→ **Assignment**
Extract exactly the lines from the top of the records through the line containing "Paperback Simple Fancy: A", and keep pictures out of the copy.

→ **Excerpted records**
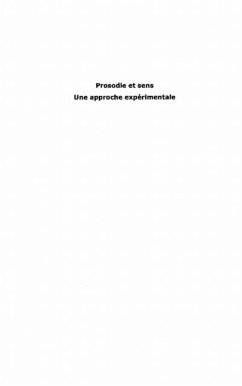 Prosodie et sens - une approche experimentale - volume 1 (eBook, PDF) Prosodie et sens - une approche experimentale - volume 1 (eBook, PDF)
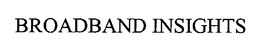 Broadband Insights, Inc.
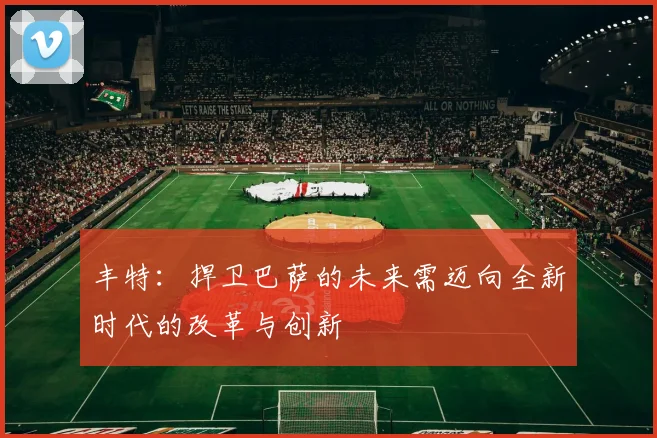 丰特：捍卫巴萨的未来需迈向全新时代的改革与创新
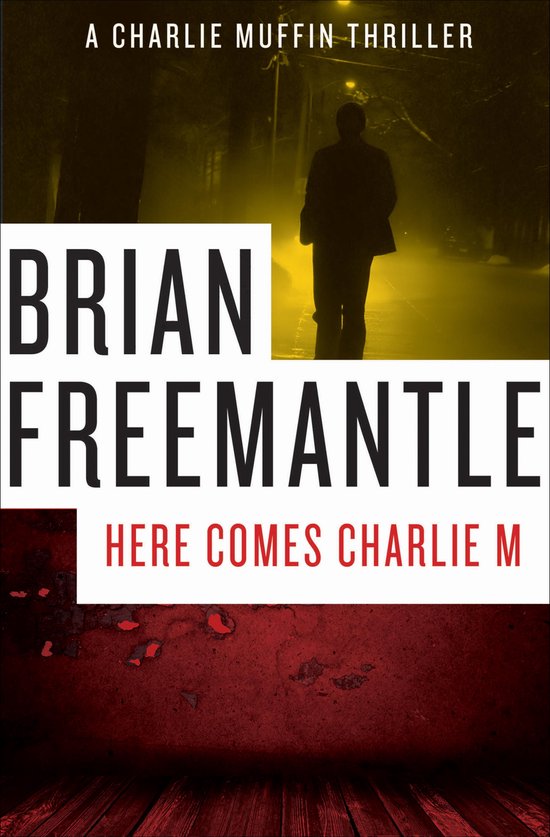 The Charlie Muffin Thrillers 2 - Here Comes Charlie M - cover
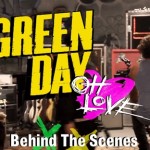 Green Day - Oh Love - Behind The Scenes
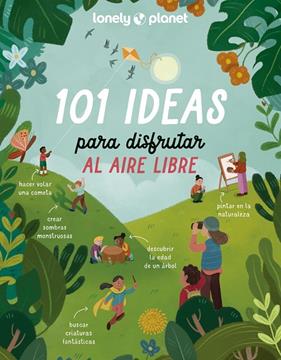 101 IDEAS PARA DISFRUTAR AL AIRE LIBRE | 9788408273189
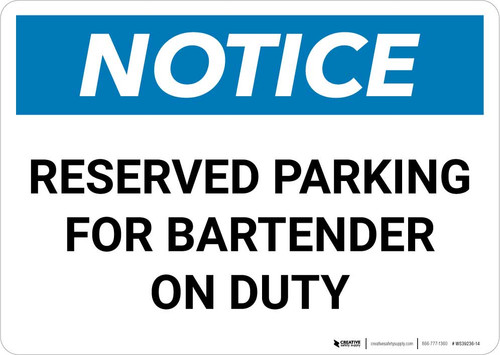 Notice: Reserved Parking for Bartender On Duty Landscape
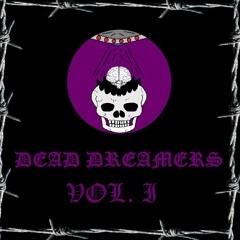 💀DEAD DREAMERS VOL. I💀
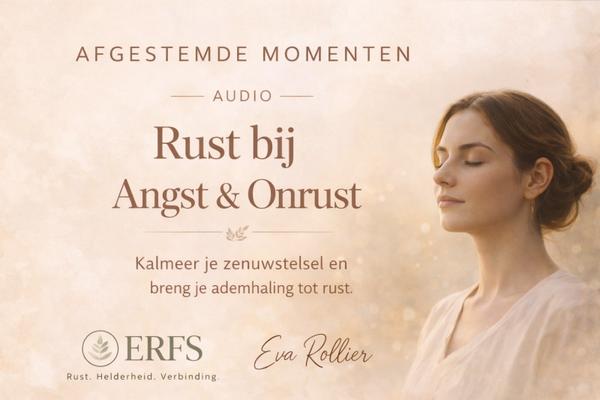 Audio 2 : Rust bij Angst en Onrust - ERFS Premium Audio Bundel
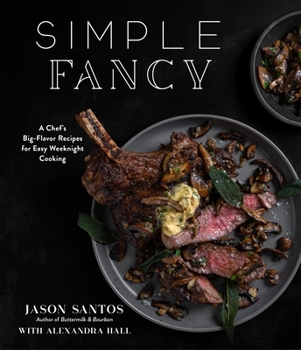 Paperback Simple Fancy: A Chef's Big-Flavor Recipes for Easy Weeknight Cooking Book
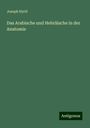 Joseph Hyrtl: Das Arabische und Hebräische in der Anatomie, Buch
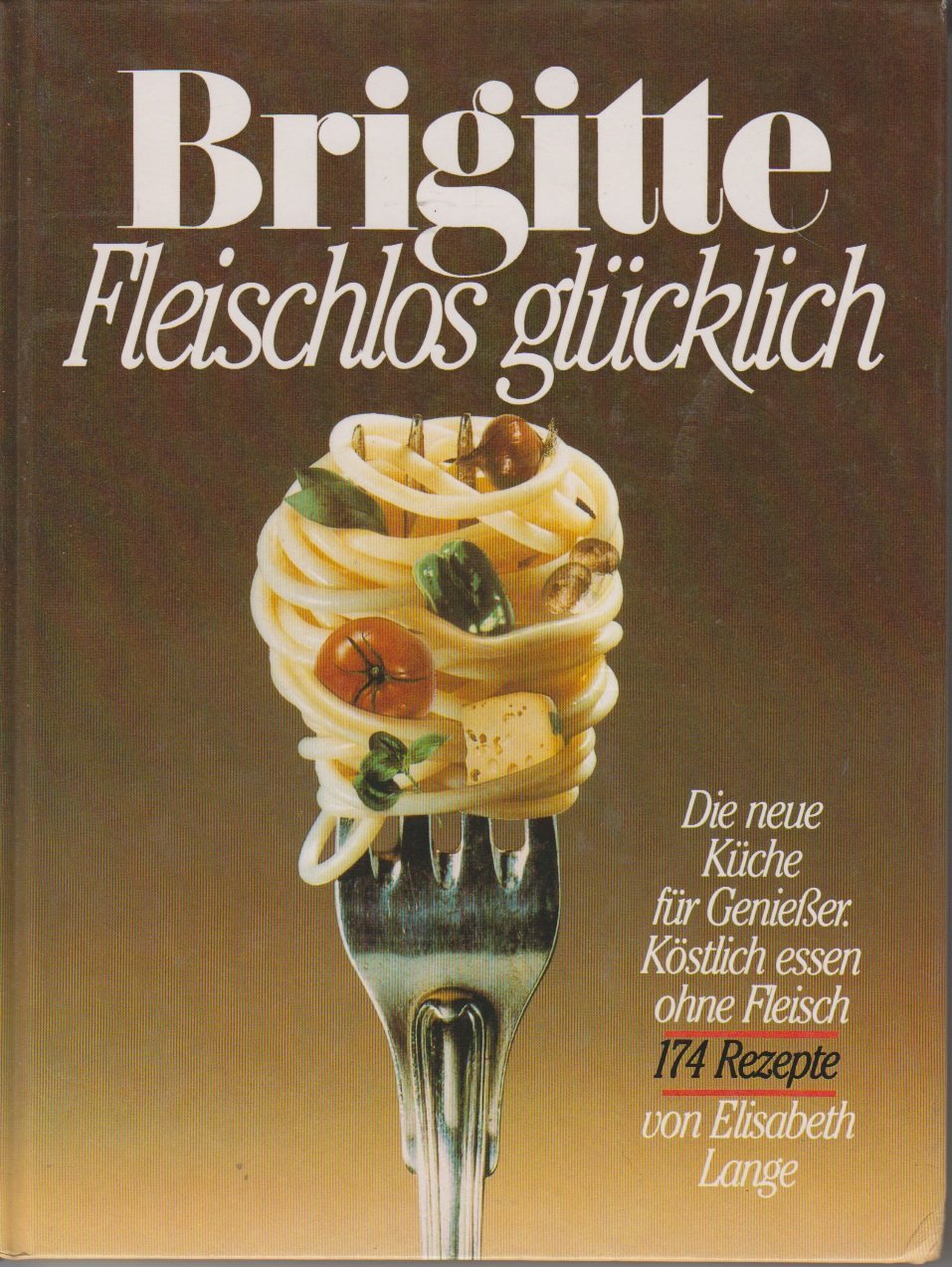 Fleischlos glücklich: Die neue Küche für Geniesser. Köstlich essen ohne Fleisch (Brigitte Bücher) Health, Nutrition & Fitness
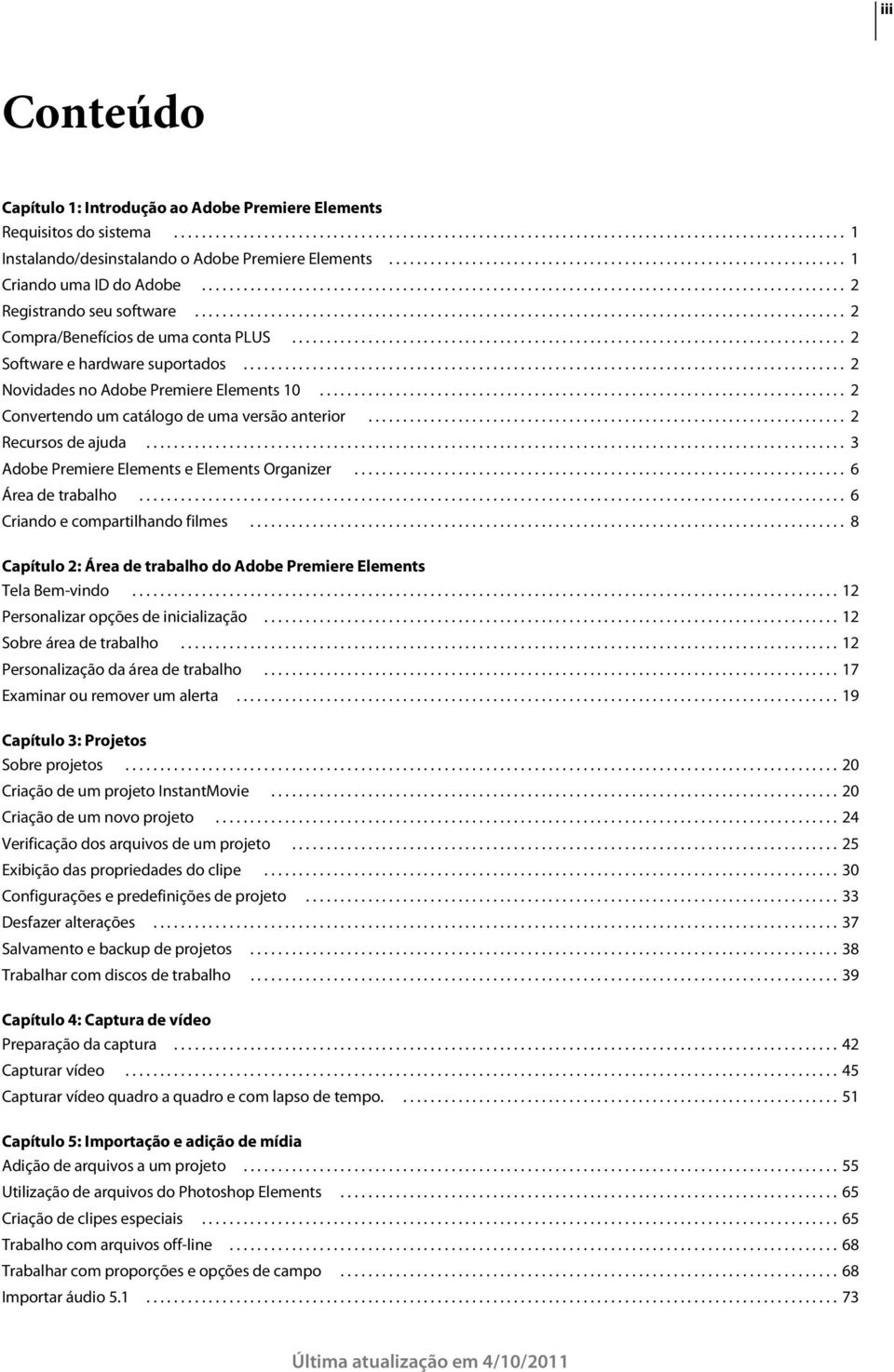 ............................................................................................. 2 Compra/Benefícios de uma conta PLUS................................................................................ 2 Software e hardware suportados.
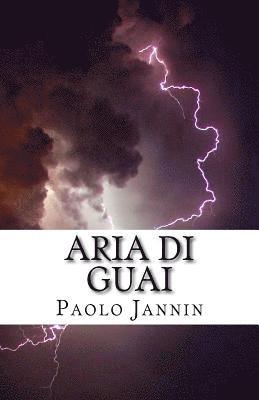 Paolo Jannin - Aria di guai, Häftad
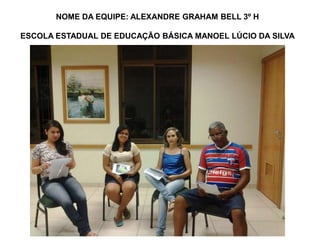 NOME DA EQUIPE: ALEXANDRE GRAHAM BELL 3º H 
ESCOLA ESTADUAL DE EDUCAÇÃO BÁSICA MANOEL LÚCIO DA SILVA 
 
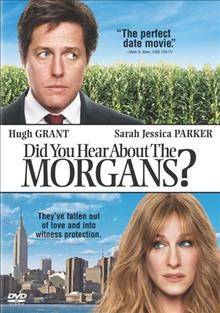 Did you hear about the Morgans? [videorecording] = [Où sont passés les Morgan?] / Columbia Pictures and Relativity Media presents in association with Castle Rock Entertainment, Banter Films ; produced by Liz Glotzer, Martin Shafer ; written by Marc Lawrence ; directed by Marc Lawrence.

→ **Exercise response**
 Prosodie et sens - une approche experimentale - volume 1 (eBook, PDF) Prosodie et sens - une approche experimentale - volume 1 (eBook, PDF)
 Broadband Insights, Inc.
 丰特：捍卫巴萨的未来需迈向全新时代的改革与创新
 The Charlie Muffin Thrillers 2 - Here Comes Charlie M - cover
 Green Day - Oh Love - Behind The Scenes
 101 IDEAS PARA DISFRUTAR AL AIRE LIBRE | 9788408273189
 Notice: Reserved Parking for Bartender On Duty Landscape
 💀DEAD DREAMERS VOL. I💀
 Audio 2 : Rust bij Angst en Onrust - ERFS Premium Audio Bundel
 Paperback Simple Fancy: A Chef's Big-Flavor Recipes for Easy Weeknight Cooking Book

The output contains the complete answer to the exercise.